Milli Savunma Bakanı Hulusi Akar, Fransız Senatosu'nun sözde Dağlık Karabağ Cumhuriyeti'ni tanıyan kararıyla ilgili olarak, "Fransa'nın AGİT Minsk grubunun eşbaşkanı olarak tarafsız olması gerekmektedir. Bu karar ise bunun böyle olmadığını, Fransa'nın Karabağ ile ilgili çözümün değil, sorunun parçası olduğunu bir kez daha göstermiştir" dedi.
Milli Savunma Bakanı Hulusi Akar, basın mensuplarının gündeme ilişkin sorularını yanıtladı. Fransız Senatosu'nun sözde Dağlık Karabağ Cumhuriyeti'ni tanıyan kararıyla ilgili değerlendirmelerde bulunan Bakan Akar, “Fransız Senatosu'nun aldığı karar Karabağ sorununun 30 yıldır neden çözülemediğinin açık bir göstergesi olmuştur. Fransa'nın AGİT Minsk grubunun eşbaşkanı olarak tarafsız olması gerekmektedir. Bu karar ise bunun böyle olmadığını, Fransa'nın Karabağ ile ilgili çözümün değil, sorunun parçası olduğunu bir kez daha göstermiştir" ifadelerini kullandı.

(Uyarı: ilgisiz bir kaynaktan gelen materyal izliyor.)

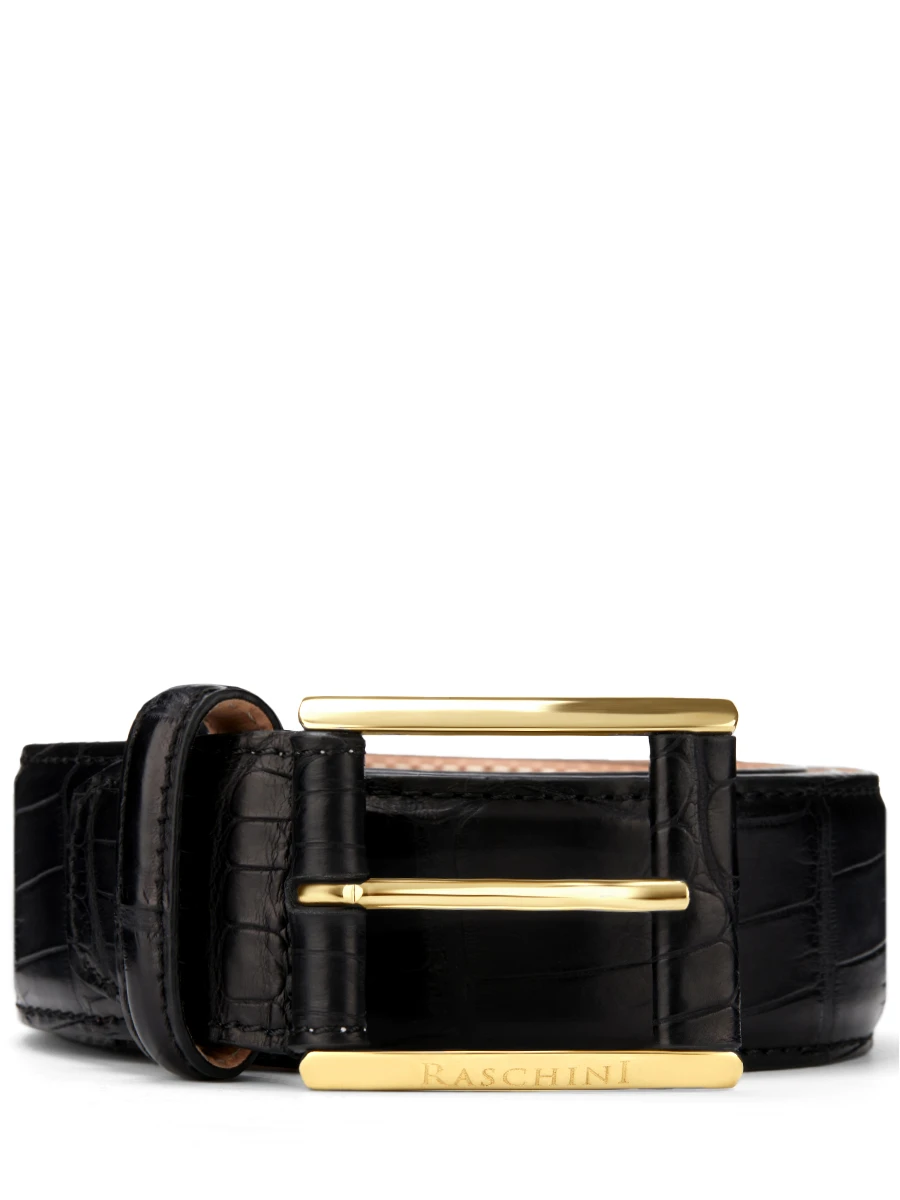 Ремень из кожи крокодила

Afganistan'da Hamid Karzai Havaalanı'nda ana havaalanlarının sivil sektörlerin işletilmesi ile ilgili BAE ve Afganistan arasında bir anlaşma imzalandığı anımsatılarak, havalimanının askeri tarafının işletmesinden sorumlu Türkiye'nin konuya ilişkin değerlendirmesi sorulan Bakan Akar, şöyle konuştu:
"Elbette Afganistan'ın egemen bir devlet olarak bu kararına saygı duyuyoruz. Her türlü kararı alabilirler. Ancak BAE'nin Türkiye'ye yönelik düşmanca tavırları göz önüne alındığında Kabil Havaalanı'nın askeri kısmının işletmesinden sorumlu olmamız nedeniyle bu kararın hukuki ve operasyonel açıdan yeniden gözden geçirilmesi gerektiğini değerlendiriyoruz."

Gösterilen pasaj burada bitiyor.